キィナには、過ちを犯した過去を振り返り彼を思い出しても、微笑できる。でもヨハネには、思い出を振り返って和めるような気持ちは、まだない。
「だけど。間違いに気付けたなら、謝れますよね。未だに、音信不通なんですか?」
尋ねると、キィナは悲しげな表情で横に首を振る。
「去年、友人から聞きました。旅行先で事故に遭って、亡くなったと」
ヨハネは言葉を失う。戦闘で脳に焼き付けられた残酷な映像がフラッシュバックし、胸が詰まるように苦しくなり、服を掴んだ。
「共同経営の話がなくなってもこのヨガスタジオを始めたのは、いつか彼が偶然現れるかもしれないと、期待したからなんです。もしも再会できたら、一度は一緒に抱いた夢をボクが叶えたんだよって言って、もう一度ここからやり直そうって言いたかった。だけど、再会の願いも、直接謝る機会も訪れませんでした」
自分と同じ後悔で悲しみを抱くキィナに何か言葉を掛けたいが、何を言えばいいのか迷う。自分と重ねて見れば、相応しい言葉が出てきそうなものだが、自身の過ちを赦せていないヨハネは、そんな言葉の欠片も見つからない。
「すみません。なんて言っていいか……。ちゃんとした言葉が見つからなくて……」
ヨハネは両膝を立てて抱えた。掛けられる言葉があったとしても、それは励ましではない。ヨハネ自身の、赦されたい願望だった。
キィナも両膝を抱えて、同じ姿勢になる。
「ボクの方こそ、急に重い話をしてごめんなさい。使徒さんだから、話を聞いてくれると思ってしまって」
「重いとか、そんな……。僕こそ、気の利いた言葉も言えなくて……」
「あ。でも。直接ではないんですが、眠る彼の前でちゃんと謝罪はしました。彼といる未来があったかもしれないと思うと、未練が残りますが、このスタジオを始められたのはよかったです」
気持ちの整理は付いていると、キィナは最後に穏やかな表情で言った。
「そうなんですか……」
キィナは、後腐れがないよう過ちと向き合い、過去を引き摺らず、前に進んでいた。それは、ヨハネが望んでいる生き方だ。
そんなキィナに対して、ヨハネは気後れを感じた。
その後。次の予約時間が迫ってきたので、帰ることにした。
「誘っていただいて、ありがとうございました」
「よかったら、また来てくださいね。それと。さっきの話は、忘れていただいて構わないので。もう気にしないでくださいね」
笑顔で手を振り見送られたが、ヨガでスッキリしたはずなのに、気持ちは少し落ち込んでしまった。
路上に停めていた車に乗るが、少し考えごとをする。
(キィナさんが羨ましい。僕は気持ちも行動も、全部中途半端だ。もう少ししたら、はっきりしそうなのに……。早く整理したい。気持ちも、過去も)
「……そういえば」
(棺の中で、ちゃんとレオに謝ったっけ……)
宿舎に帰り、自室に荷物を置いてリビングルームに行くと、何だか焦げ臭い匂いが。
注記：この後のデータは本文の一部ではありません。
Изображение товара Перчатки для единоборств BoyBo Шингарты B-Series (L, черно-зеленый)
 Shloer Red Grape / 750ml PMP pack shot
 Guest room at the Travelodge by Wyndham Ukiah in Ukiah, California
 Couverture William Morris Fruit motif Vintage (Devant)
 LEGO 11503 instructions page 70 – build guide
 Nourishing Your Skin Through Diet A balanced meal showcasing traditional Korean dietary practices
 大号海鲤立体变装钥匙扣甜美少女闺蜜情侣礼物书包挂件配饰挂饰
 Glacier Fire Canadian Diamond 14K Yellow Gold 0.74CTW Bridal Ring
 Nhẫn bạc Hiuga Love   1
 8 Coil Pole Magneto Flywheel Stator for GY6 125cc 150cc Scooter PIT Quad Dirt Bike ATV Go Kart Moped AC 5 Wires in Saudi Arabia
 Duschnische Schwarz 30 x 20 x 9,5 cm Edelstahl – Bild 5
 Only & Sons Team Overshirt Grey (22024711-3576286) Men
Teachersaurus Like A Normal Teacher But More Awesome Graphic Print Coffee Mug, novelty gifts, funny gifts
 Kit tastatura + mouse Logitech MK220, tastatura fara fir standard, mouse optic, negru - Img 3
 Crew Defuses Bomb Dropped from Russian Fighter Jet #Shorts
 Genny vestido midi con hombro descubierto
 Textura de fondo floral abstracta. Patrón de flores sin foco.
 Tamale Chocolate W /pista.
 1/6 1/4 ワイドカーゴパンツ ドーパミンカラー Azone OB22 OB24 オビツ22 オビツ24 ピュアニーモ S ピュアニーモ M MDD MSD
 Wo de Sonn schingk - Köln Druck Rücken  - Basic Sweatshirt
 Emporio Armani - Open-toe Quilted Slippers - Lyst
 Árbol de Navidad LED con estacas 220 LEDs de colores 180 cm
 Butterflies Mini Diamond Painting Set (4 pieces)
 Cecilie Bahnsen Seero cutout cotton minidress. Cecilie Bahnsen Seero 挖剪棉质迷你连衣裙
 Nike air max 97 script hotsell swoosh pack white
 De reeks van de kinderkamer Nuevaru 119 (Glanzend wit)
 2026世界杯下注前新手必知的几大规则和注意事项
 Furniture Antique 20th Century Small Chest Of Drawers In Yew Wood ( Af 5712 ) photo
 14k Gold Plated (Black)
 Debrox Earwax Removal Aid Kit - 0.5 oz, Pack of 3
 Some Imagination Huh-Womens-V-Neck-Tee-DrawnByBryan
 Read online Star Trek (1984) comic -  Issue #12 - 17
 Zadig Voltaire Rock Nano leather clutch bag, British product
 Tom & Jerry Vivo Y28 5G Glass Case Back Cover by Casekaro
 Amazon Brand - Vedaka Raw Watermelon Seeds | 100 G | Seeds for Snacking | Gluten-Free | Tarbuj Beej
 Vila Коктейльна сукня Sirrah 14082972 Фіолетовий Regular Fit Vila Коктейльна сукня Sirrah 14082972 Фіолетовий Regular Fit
キッチンへ行くと、アンデレが開口一番、
「ヨハネさんー! 今晩のメインは、真っ黒焦げ料理になりそうですー!」
と、助けを求めて来た。
キッチンを覗くと、フライパンの上で、鱒のムニエルのミュラリン・アルトが黒焦げになり、煙を上げていた。そしてその前で、アンデレと一緒に夕食の準備をしていたペトロが、立ち尽くしていた。
「本当。ペトロは、なんで毎度……」
「気を付けてるんだけど、こうなるんだよぉ……」
またやらかしてしまったペトロは、ヘコんでいた。ヨハネは呆れて短い溜め息を漏らし、日常茶飯事の対応を考える。
「それ、何枚目?」
「まだ一枚目っす」
「じゃあそれは、ペトロが責任持って食べろよ。残りは、僕の監督のもと焼いてくれ」
「世話掛けてごめんな」
ペトロは黒焦げの鱒の切り身を、皿に移した。白い皿に、黒と茶色のコントラストが映えた作品が、また生まれた。
「他は?」
「コール・ズッペです。こっちはおれ担当なんで、バッチリ任せてくださいっ!」
「アンデレは、調理だけは信頼できるからな」
「そんな言い方酷いっすよ、ヨハネさんー! 今日はおれを置いてくし、酷いっす!」
アンデレは、置いて行かれたことがまだ納得いっていないようだ。
「だから。予約制のマンツーマンだって言っただろ」
「今度行く時は、おれも連れてってくださいね!」
「その場合は、別々のレッスンだけどな」
「一緒に行って別々って、なんでっすかー!」
「お前は、人の話を聞け!」
貴重な気分転換となったはずなのに、早くもヨハネはストレスを溜め始めたのだった。